Mounting frustrations with the festival’s old location coincided with the appointment of Howard Kerbel as Downtown Toronto Jazz’s new CEO in 2016. Kerbel – who was previously a member of the Toronto International Film Festival’s leadership team, and had, according to Grossman, “fond memories of how TIFF ran in Yorkville,” before its move to King Street and the TIFF Bell Lightbox facility – helped to initiate the move away from NPS at a time when there was a dearth of multi-day festival activity in Yorkville. Finding the business community and local leadership amenable to the idea of the TJF in Yorkville, the timing was right for Toronto Downtown Jazz to make the move.

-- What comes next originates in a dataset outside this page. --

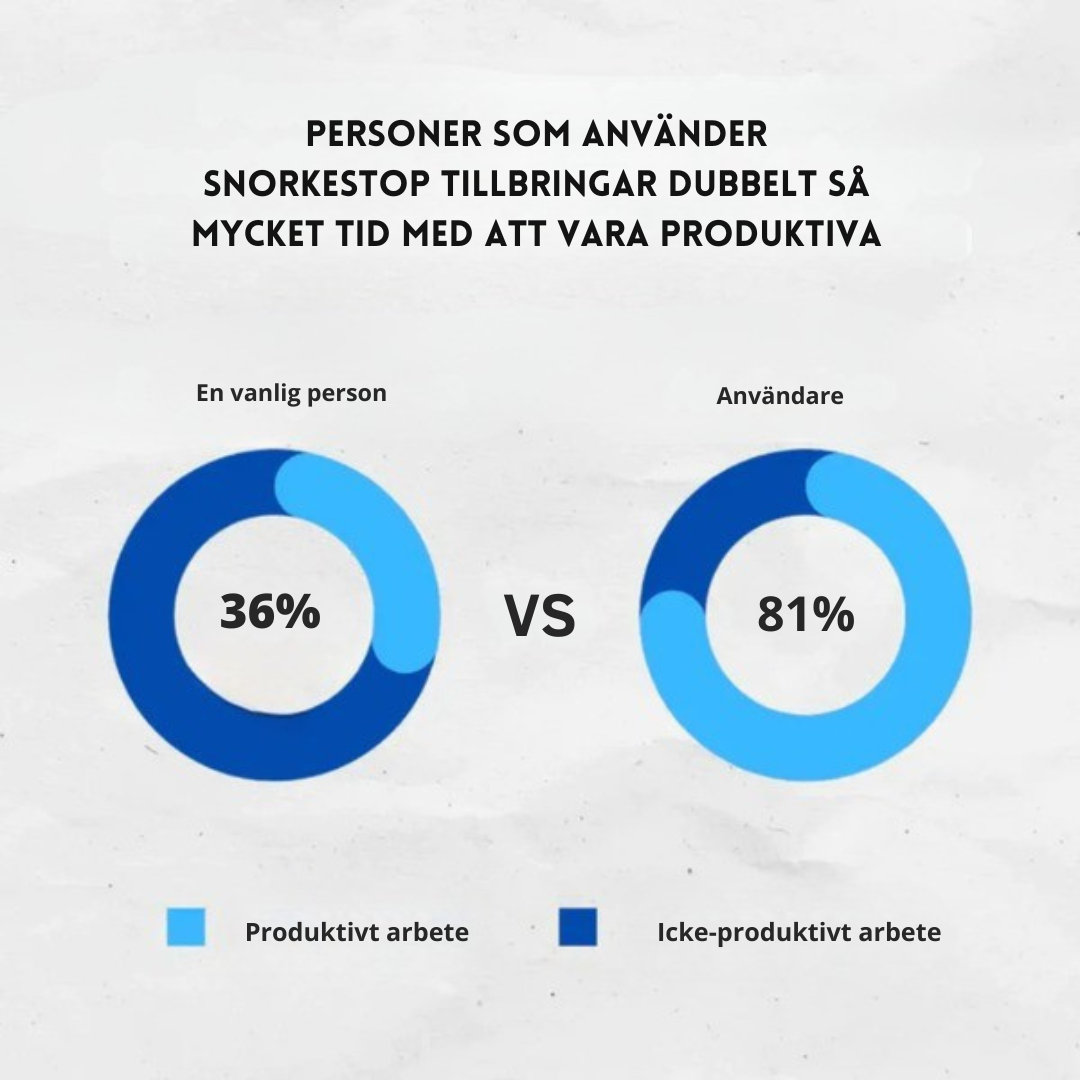 SnarkStöp™-TystNatt |Fri luftväg och tystare nätter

One of the best parts of the TJF, in its current iteration, is the proliferation of free outdoor stages. Beyond helping to fulfil a vision of a festival with porous borders, the free stages have tended to skew local and young-ish in their programming. This is, of course, helpful for musicians at an early or intermediate stage in their own career development, but it is also helpful for the TJF, which is still focused on its own long-term growth. A combination of sponsorship and operational funding from municipal, provincial, and federal levels of government allow the TJF to pay for its approximately 170 free shows; making these shows as accessible as possible to the general public. It also helps with fundraising and development, Grossman says, “making it easy for potential sponsors and donors to come down, get a feel for the place, and say ‘this is something we’d like to support’.’”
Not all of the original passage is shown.